Viele Einheimische und tolles Programm

Doch kann dieser Höhenflug von Dauer sein? Ein positives Signal ist das grosse Zuschauerinteresse. Am Samstagabend kamen wieder um die 300 Besucher. Und dies bei Kammermusik, normalerweise kein solcher Magnet.

Ebenfalls positiv fällt auf: Es sind auch viele Einheimische da. Die regionale Verankerung stimmt. Man ist nicht nur für das internationale Jet-Set attraktiv. Weiter ist der musikalische Leiter Clemens Hellsberg, für Jahre das Gesicht der Wiener Philharmoniker, ein Garant für anhaltenden Erfolg. Er setzt nicht nur auf klassische Gassenhauer, sondern mutet dem Publikum auch zeitgenössische Kompositionen zu - immer gut im Programm verpackt. Und dies kommt an.
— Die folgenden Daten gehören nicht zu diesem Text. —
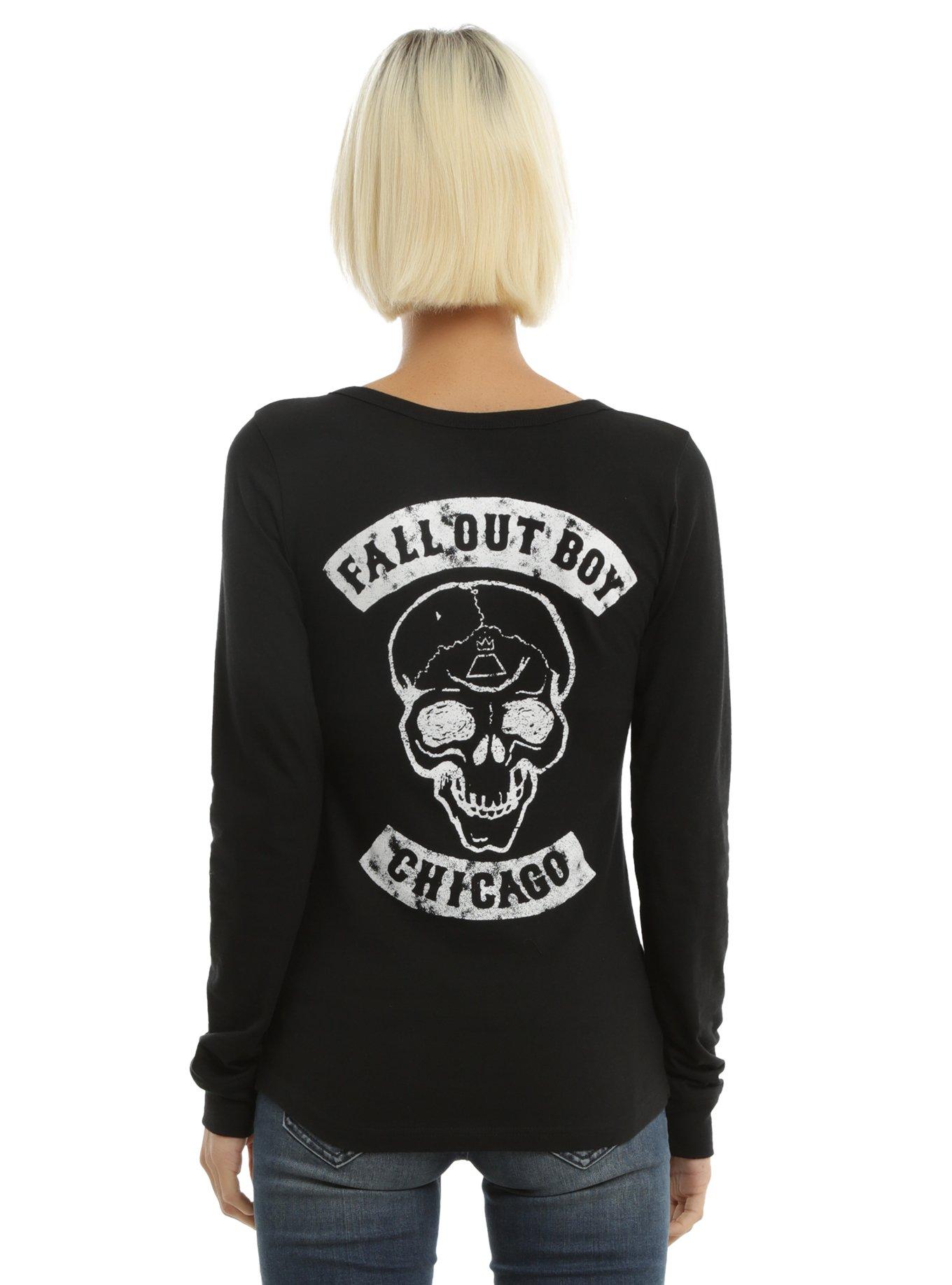 Fall Out Boy Skull Girls Long-Sleeve Henley, BLACK, hi-res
Beim anschliessenden, zubuchbaren Dinner im Chedi mit Musikern und Gästen, zeigt sich zum Beispiel Franz Steinegger, vielen als Retter der Expo 0.2 bekannt, begeistert: «Es ist schon spannend, was in der neuen Musik so läuft. Ich fand diese Eigenkompositionen inspirierend.»